4.3 CBAMs as Part of a Climate Leadership Story
If the main purpose of a simplified model of CBAM was to encourage third countries to adopt similar carbon pricing policies as in the EU, it would include the following design features. This model of CBAM would complement and mirror the EU ETS. It would be limited to adjustments on the import side: Relieving exported products of the costs of the EU ETS would undermine the EU’s objective of extending the territorial scope of the European carbon price. The adjustment on imports would be imposed on products from countries with no equivalent carbon price to the EU ETS. If possible, the level of the charge would be based on the actual ‘EU-ETS like’ emissions of imported products and be a function of the carbon price that has (or not) already been imposed in the country(ies) of production. The scope of the CBAM on imports would be as broad as possible, including basic materials as well as semi-manufactured and manufactured products. Under this version of the climate leadership story, the more products that are subject to a carbon price equivalent to the EU ETS, the better. Finally, the revenues could be used for any purpose. This version of the climate leadership is not about leading by example by funding projects related to climate change. Instead, it is about making all countries adopt a carbon price as ambitious as the EU carbon price. This latter objective does not require any specific use for CBAMs’ revenue.

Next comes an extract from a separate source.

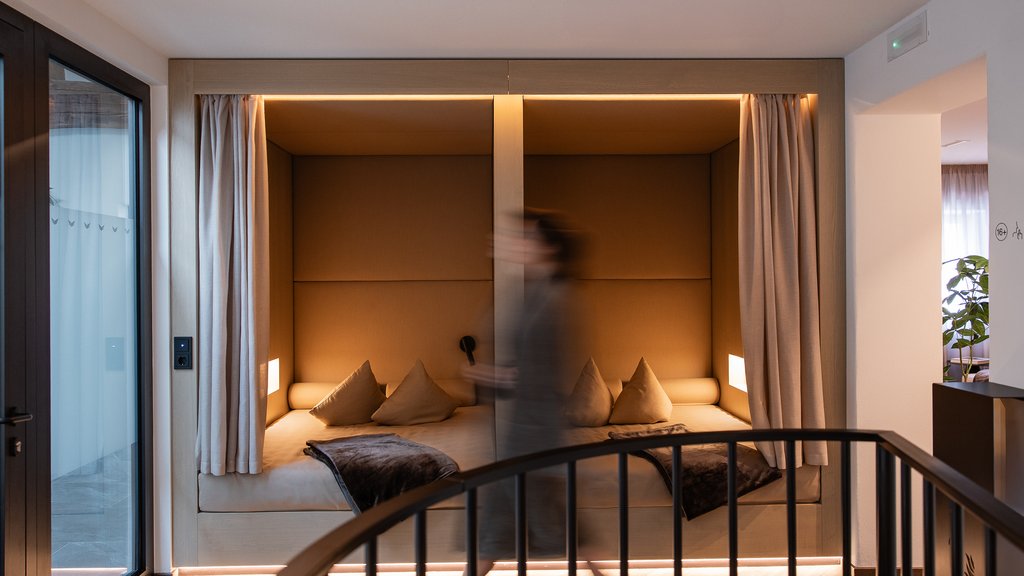 Schwarzer Adler Sterzing: A historic icon. Reinvented. Moderne, gemütliche Sitznische mit braunen Kissen und Vorhängen in einem Innenraum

The Commission’s proposal differs from this simplified model only in two respects. Its scope is limited; it does not include semi-manufactured and manufactured products. Moreover, embedded emissions will initially not cover all ‘EU-ETS like’ emissions but be limited to ‘direct emissions’.115 As explained before (Section 4.1), these design choices are justified by practical reasons, including the need to minimise compliance costs. The high correspondence between the Commission’s proposal and this simplified model of CBAM suggests that the Commission’s proposal has been primarily designed to achieve this objective, even though it has not been explicitly listed as part of the objectives to be achieved by the EU CBAM.
4.4 CBAMs as Part of a Consumption-based Story
In the context of the consumption-based story, a simplified model of CBAM would replace the EU ETS altogether in order to reverse the production-based approach to climate mitigation that has prevailed so far in the EU and globally. Such a simplified model of CBAM on imports would be used to make consumers pay for the carbon costs of all services and products they consume on the EU’s territory, including imports and excluding exports. This model, often referred to as ‘carbon added tax’, would follow the logic of the value added tax, which is imposed on all services and products consumed on the EU’s territory.116 However, instead of being based on products’ price, the charge would be based on the actual greenhouse gas emissions released at each stage of a product’s life cycle.117 Whether or not a carbon price has been levied in the country of production would be of no importance: Under a consumption-based approach, the country of consumption is responsible for establishing the carbon price that it deems sufficient to influence consumption behaviours on its territory. Finally, the consumption-based story does not require the revenue raised by the CBAM to be used for a specific purpose. The consumption-based approach is achieved through the carbon pricing mechanism itself.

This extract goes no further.